The Minister emphasised the urgent need for digital transformation across all public sector general insurers to improve service delivery and efficiency. This includes the adoption of AI-driven claim settlement systems, particularly for motor own damage and health insurance products, to ensure faster and more accurate claim resolution, said Sitharaman.
Further, Sitharaman also emphasised the importance of leveraging advanced data analytics and AI to develop precise pricing models and efficient claims modelling, which are essential for improved risk assessment and long-term sustainability.
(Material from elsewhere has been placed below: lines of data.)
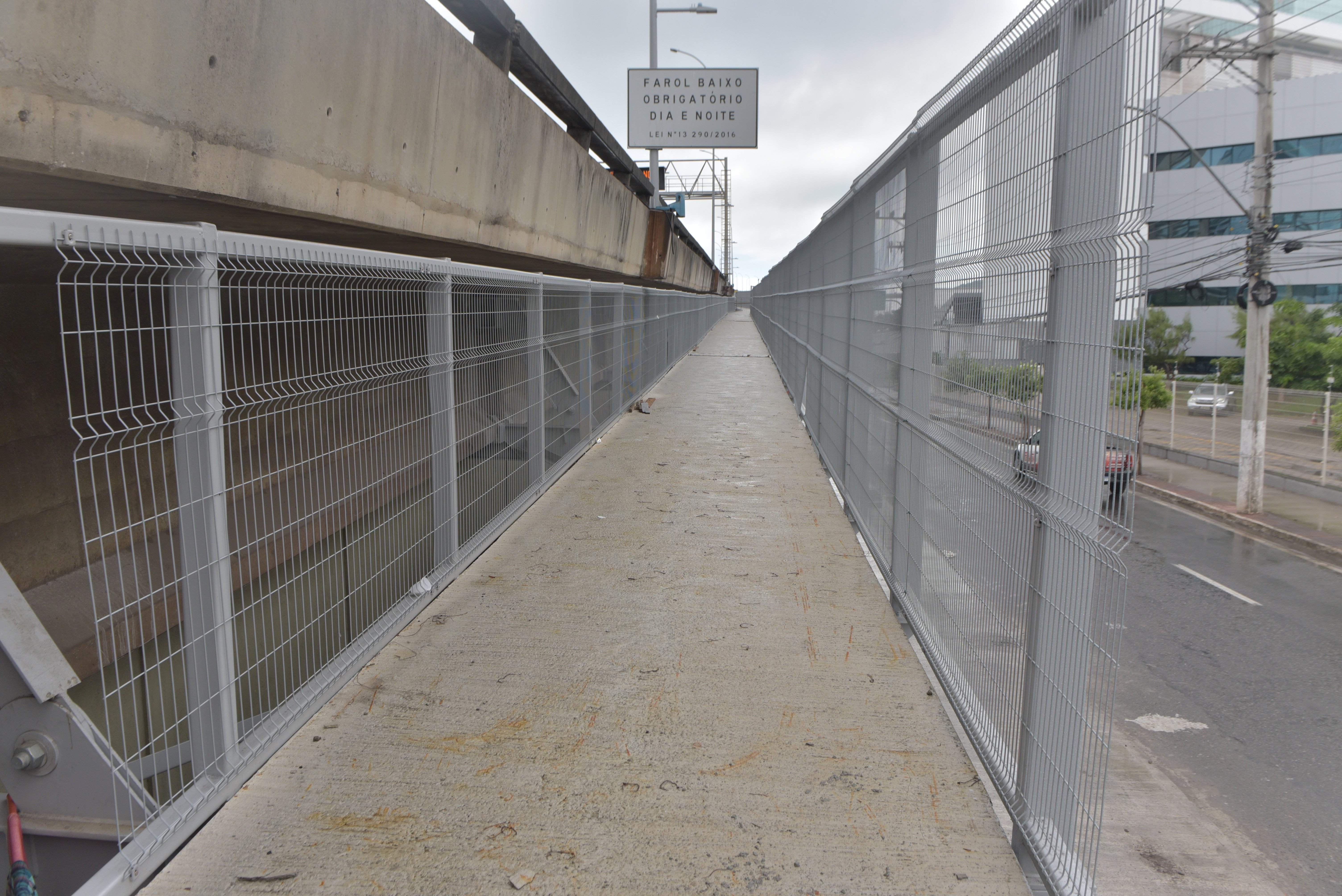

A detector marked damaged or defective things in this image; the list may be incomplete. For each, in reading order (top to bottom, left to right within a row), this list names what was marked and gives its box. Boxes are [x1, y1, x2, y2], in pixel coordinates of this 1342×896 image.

rust stain [696, 750, 760, 778]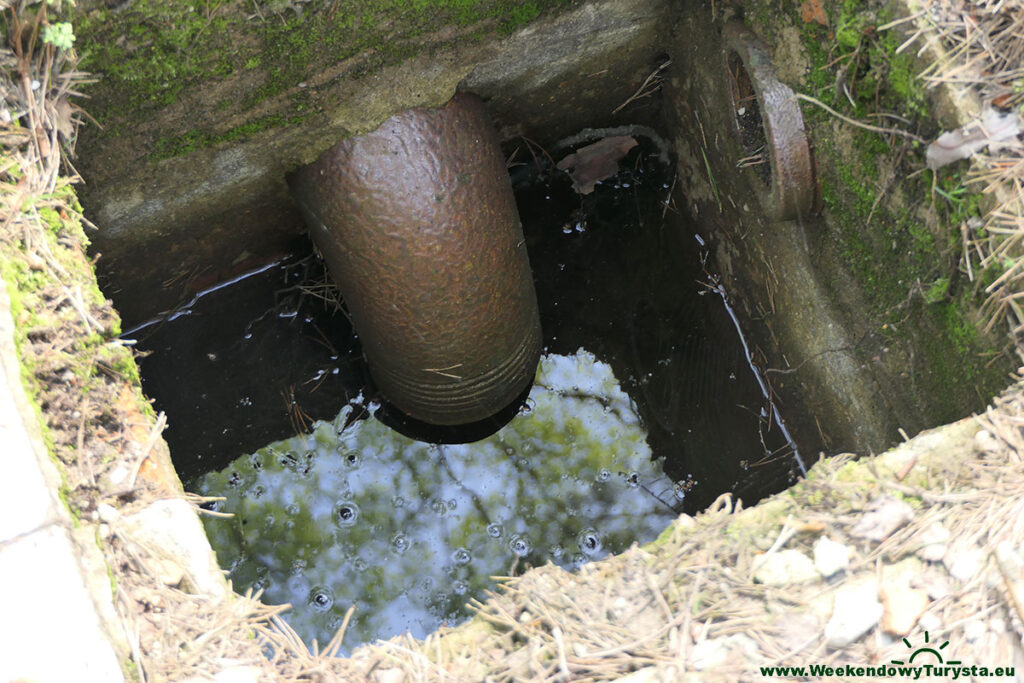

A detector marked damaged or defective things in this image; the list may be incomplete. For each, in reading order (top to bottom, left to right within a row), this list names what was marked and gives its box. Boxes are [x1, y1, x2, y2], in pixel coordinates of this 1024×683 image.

corroded iron [288, 93, 544, 424]
rusty metal pipe [288, 95, 544, 428]
corroded iron [720, 20, 816, 219]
Sitharaman also directed the companies to develop innovative insurance products tailored to new and emerging risks, including cyber fraud, and to diversify their product portfolio in line with evolving consumer needs.
Sitharaman chaired a review meeting of Public Sector General Insurance Companies (PSGICs) in New Delhi. The meeting was attended by Secretary, Department of Financial Services (DFS), M. Nagaraju, and the Managing Directors of PSGICs—New India Assurance, United India Insurance, Oriental Insurance, and National Insurance, General Insurance Corporation of India (Reinsurance), Agriculture Insurance Company of India Limited, along with other senior officials of the Ministry of Finance.
While general insurance penetration in India remains relatively low at 1% of GDP — compared to a global average of 4.2% in 2023 — insurance density has steadily improved, increasing from $9 in 2019 to $25 in 2023. The FM underscored the need for PSGICs to work towards improving both penetration and density to ensure wider financial protection.
Officials also presented a five-year analysis of the health insurance segment, showing consistent premium growth across private insurers, standalone health insurers (SAHI), and PSGICs. Incurred claims ratios, which had peaked during the COVID-19 pandemic in FY21 (PSGICs at 126% and private insurers at 105%), have since declined. By FY24, these ratios had moderated to 103% for PSGICs, 89% for private insurers, and 65% for SAHI.